The result is a tile shape for all input and output tensors for this operator.

Generating tiles for a tensor

With a tiling strategy and a tile shape on hand, we are ready to actually break up the original tensor into its tiles. There are already several functions to do this for a variety of use cases, defined in tensor_utils.h:

  1. smaug::generateTiledTensorPerBatchNC: Useful for elementwise/unary operators.
  2. smaug::generateTiledTensor: A more general tiling function that breaks up a tensor into non-overlapping tiles of a specific shape.
  3. smaug::generateTiledTensorWithStrideAndPadding: A specialized tiling function that can generate tiles with overlapping borders, striding, and other features. Useful for sliding-window operators like convolutions and pooling.

All of these functions take a final optional copyData bool parameter, which if true copies the appropriate window of data from the source tensor into each tile. This is typically true for input tensors and false for output tensors (since any data we write into them during tiling will get overwritten later by the operator itself).

These functions are sufficient for the majority of cases. But sometimes even more custom handling is required for some operators, like smaug::smv::conv::TilingOptimizer::generateRowwiseOutputTiledTensor.

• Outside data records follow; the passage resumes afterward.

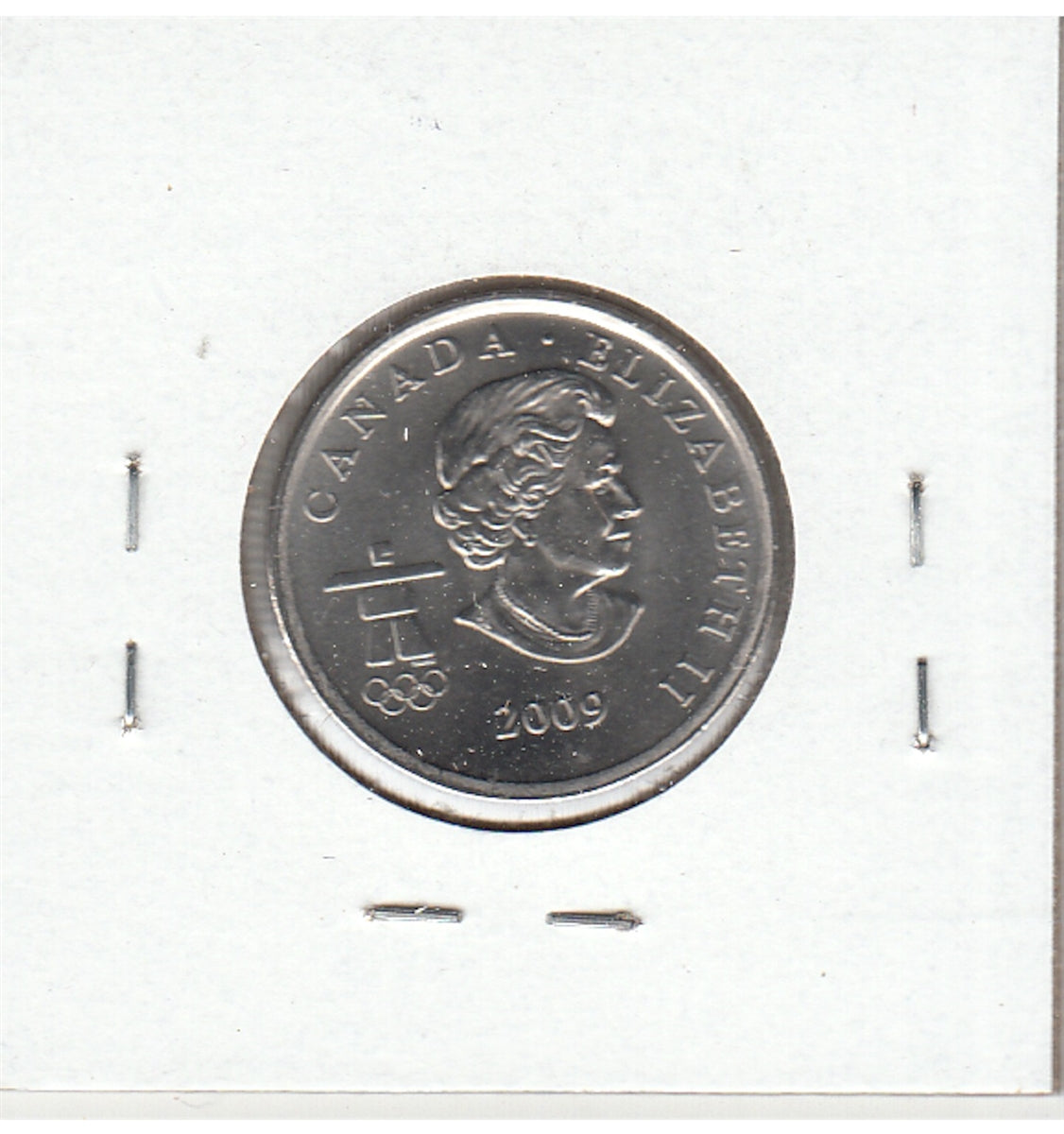 2009 Speedskating Canada 25-cents Brilliant Uncirculated (MS-63)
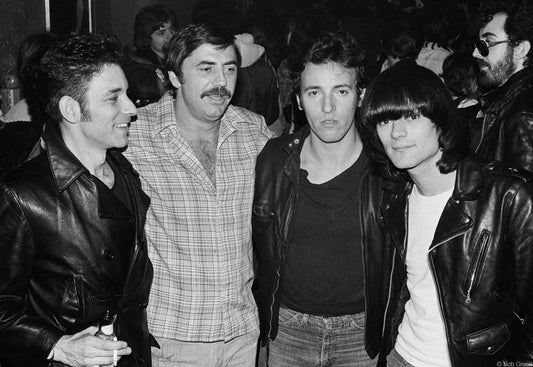 Robert Gordon, Tommy Dean, Bruce Springsteen & Dee Dee Ramone, NYC, 1977 - Morrison Hotel Gallery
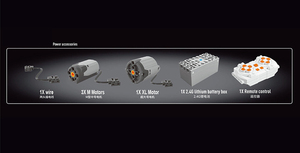 <span class=keywords><strong>Jouet</strong></span> QS 2.4G HZ 1608 pièces, blocs de construction éducatifs d'ingénierie, voiture <span class=keywords><strong>électrique</strong></span> à roulettes, bulldozer, <span class=keywords><strong>grue</strong></span> - Product Image 6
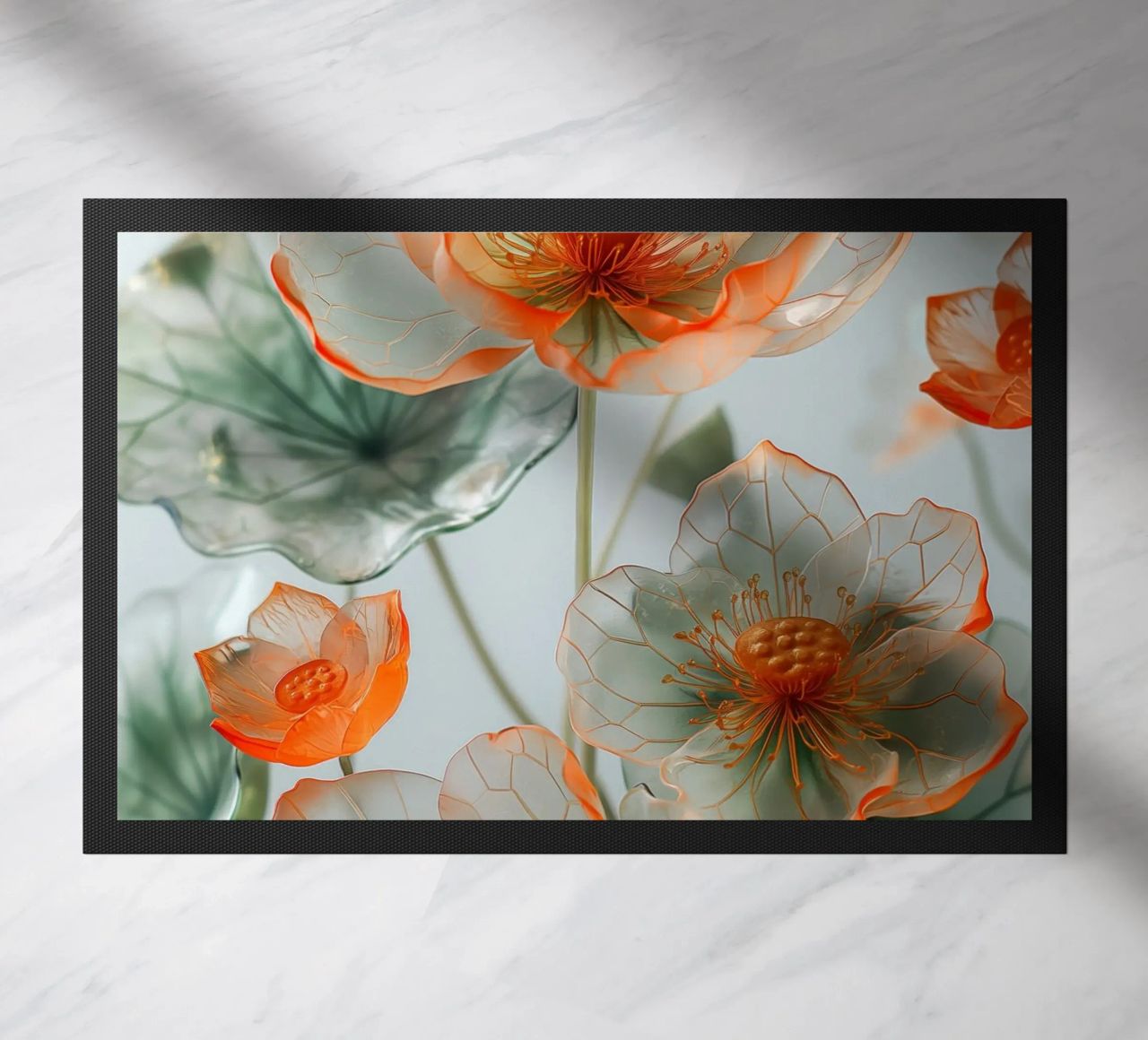 Fiori trasparenti zerbino da Imagine
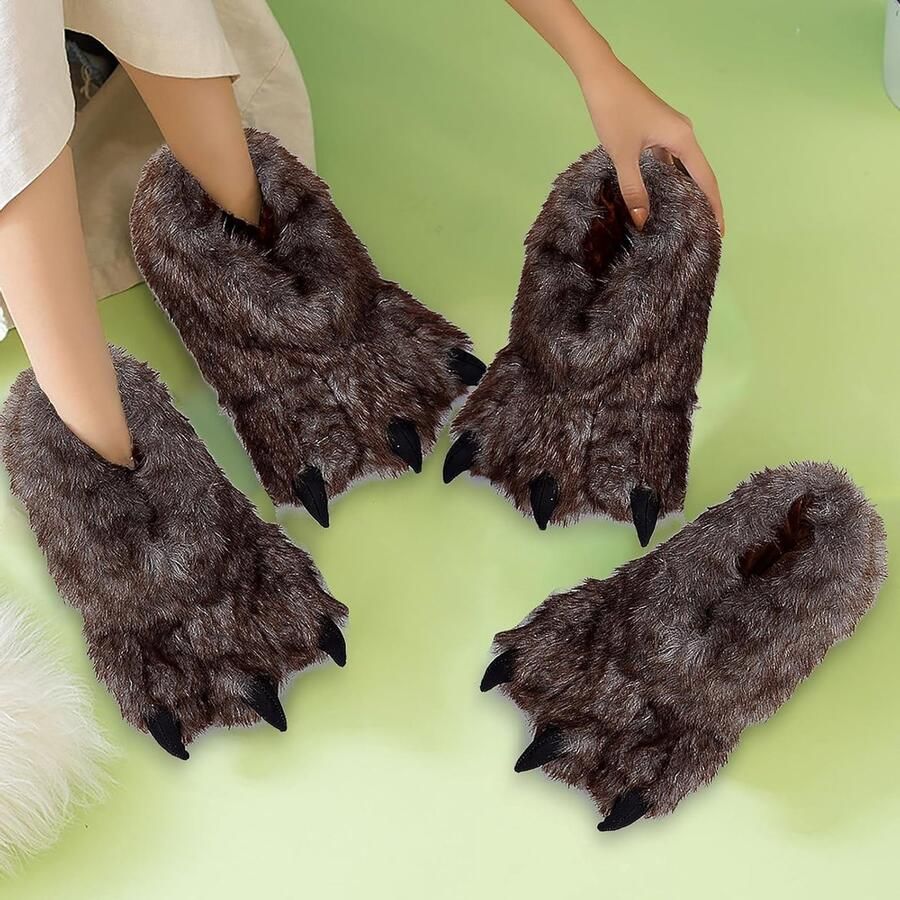 Fluffy Dierenpoot Slippers voor Cosplay Warme en Comfortabele Slippers met Antislip Zool en Schattige Ontwerpen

Write a loop nest to schedule the tiles

The final step is to write a loop nest that invokes the target accelerator using the tiled tensors. This is typically implemented as a runX / runNHWC / etc function. Depending on the operator, this can be as straightforward as a single for loop, or it can be considerably more complex if tile reuse can be exploited to gain performance. Examples:

  1. Elementwise/unary: a single for loop that iterates through all tiles of the inputs and outputs in lockstep is sufficient. See smaug::smv::unary::runX.
  2. Convolution: the huge number of corner cases and little optimizations to avoid unnecessary data movement makes this loop nest much more complex than a few nested for loops. See smaug::SmvConvolutionOp::runNHWC.
  3. Batch normalization: depending on whether this comes after a convolution or an inner product, a different loop nest is used. See smaug::SmvBatchNormOp::runNA and smaug::SmvBatchNormOp::runNHWC.